At a personal level, I opted out of it based on simplicity and familiarity. If I have a data drive where I need to move and mount in another box, I do not want to mess with the complexities of supporting ZFS to get at that data or the risk that the only OS I have available can't read it.

Again, this is a non-commercial environment, but I consider my data important as well. I've decided to go the route of keeping multiple backups of my data spread across multiple drives. I've already experienced bitrot several times over the years, but for me, this approach is more practical than relying on ZFS.

1 comments

I don't mean to be criticizing your choices, but I'll note here that if you're willing to avoid enabling the latest and greatest ZFS features, bringing up a machine that can mount your disks can be as simple as booting from Ubuntu install media, and having internet available so you can run "apt install zfsutils-linux".

(And somebody's probably going to correct my ignorance and point out that beyond some release 'x', the ZFS stuff is already built-in.)

Is it that easy now?

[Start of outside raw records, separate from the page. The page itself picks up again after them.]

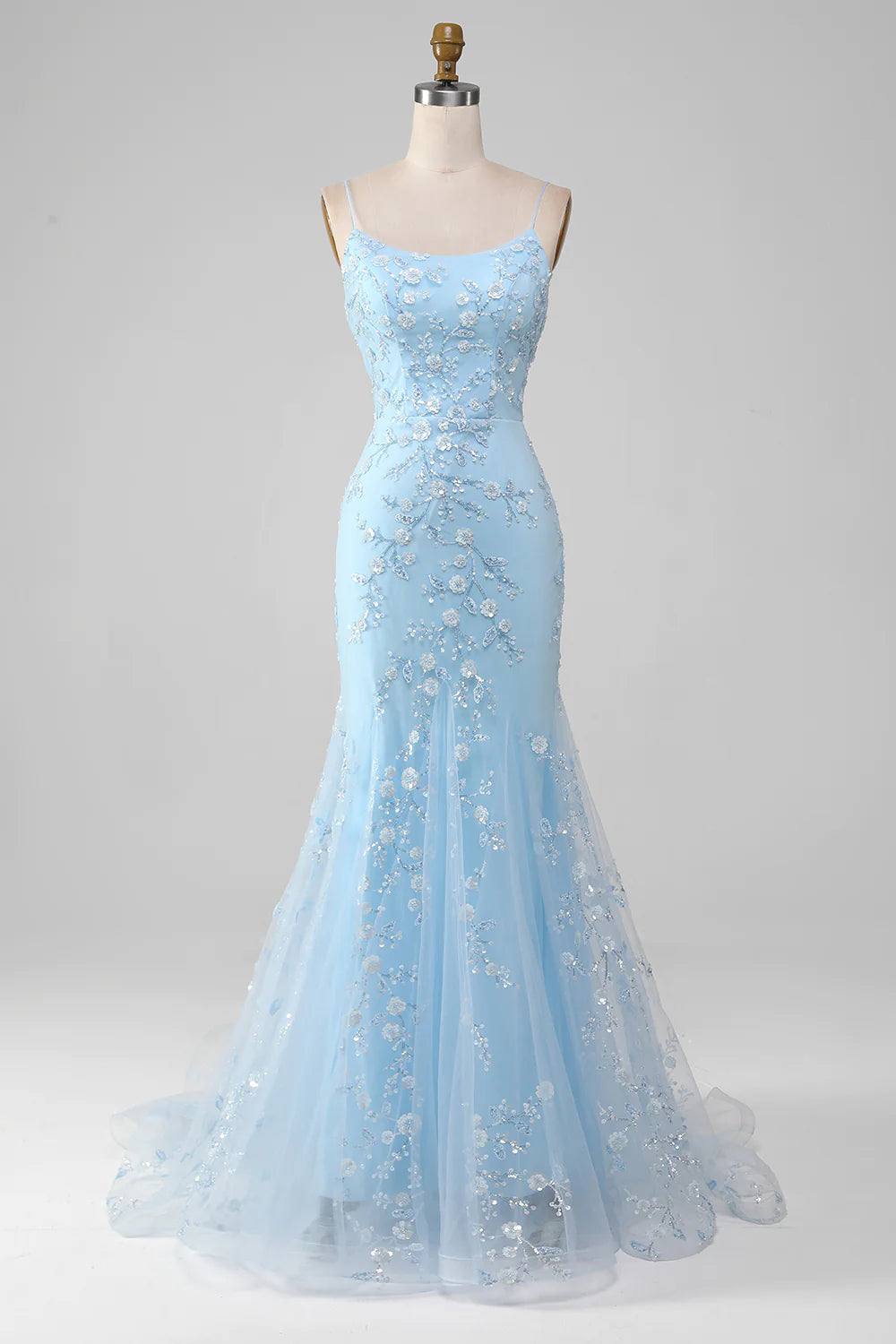 Weitese Sparkly Light Blue Mermaid Lace Up Long Prom Dress With Sequined Appliques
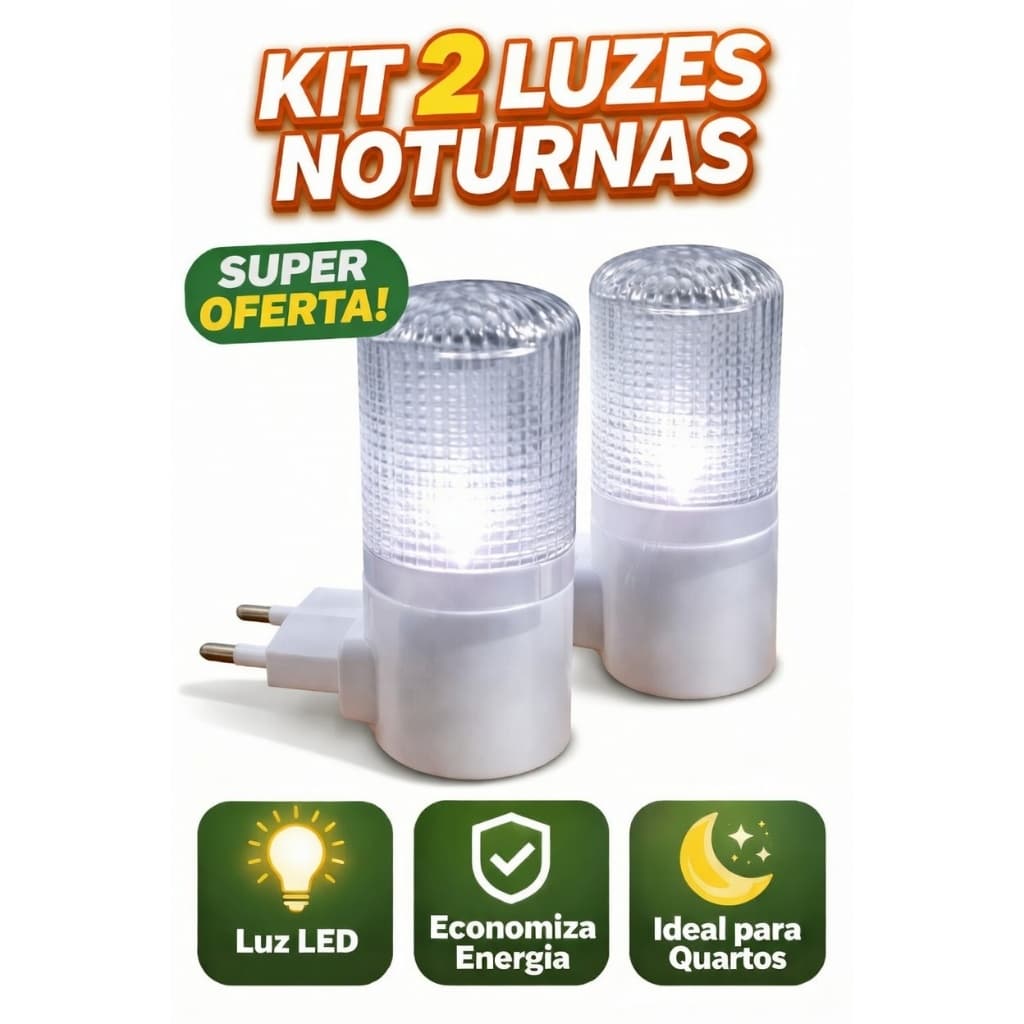 Kit Abajur de Tomada LED Luminária de Parede Vertical 7 cm Bivolt - 2 unidades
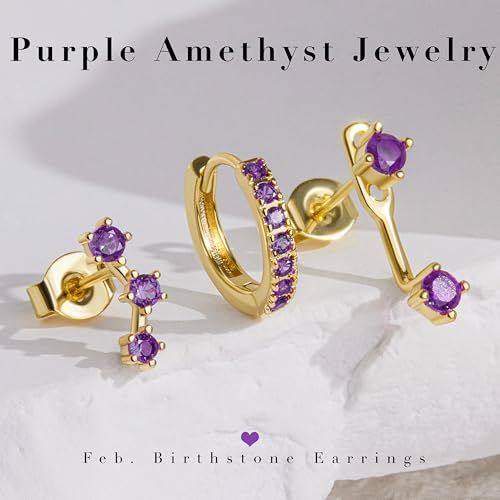 3 Pairs Dainty Small Earrings Set for Women Trendy, Birthstone Stud Huggie Hoop Jacket Stack for Cartilage Helix, Gold Plated Hypoallergenic Cute Women Fashion Accessories Western Jewelry Gifts - color: 02Purple Created Amethyst-Feb (Gold)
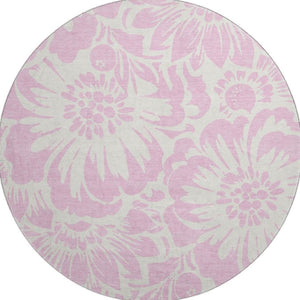 HomeRoots 8' Pink And Ivory Floral Washable Round Rug - Durable, UV-Protected, Stylish Accent for Any Room 648685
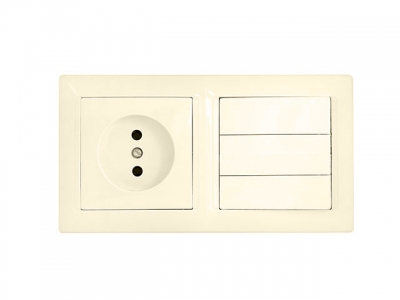 Блок выкл. 3 клав. + розетка (скрытая, б/з) бежевый, Стиль, BYLECTRICA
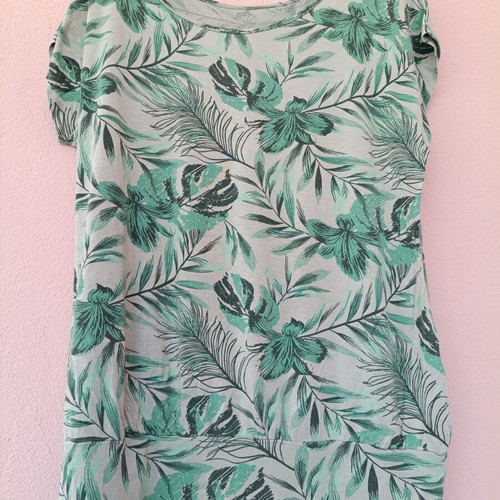 Lascana women's blouse with green tropical palm pattern like new, XL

I actually was in this situation about 3 years ago and found I could not simply mount the ZFS drive - and I cannot recall exactly why. I think it had something to do with the pool…configuration(?), and I went down a rabbit hole trying to sort it out. Fortunately in this case the tradeoff in time was more valuable than the data (it was a system drive on a small SSD) so I had the option to ditch my efforts with little to lose. But, I did spend a handful of hours on it with no traction.
I was able to transfer a zfs pool from a linux server to a freebsd server with different hardware simply by moving the physical disks to the new server.

For me ZFS has been rock solid, even with power cuts during running vms(linux and windows) and a scrub.

I even managed to steal away enough ram from a server so that ZFS produced a stacktrace in dmesg, no data corruption, even on running vms.

Yes it is :)
I've used FreeBSD install media to recover too. You can get a shell and there's no need to download other stuff.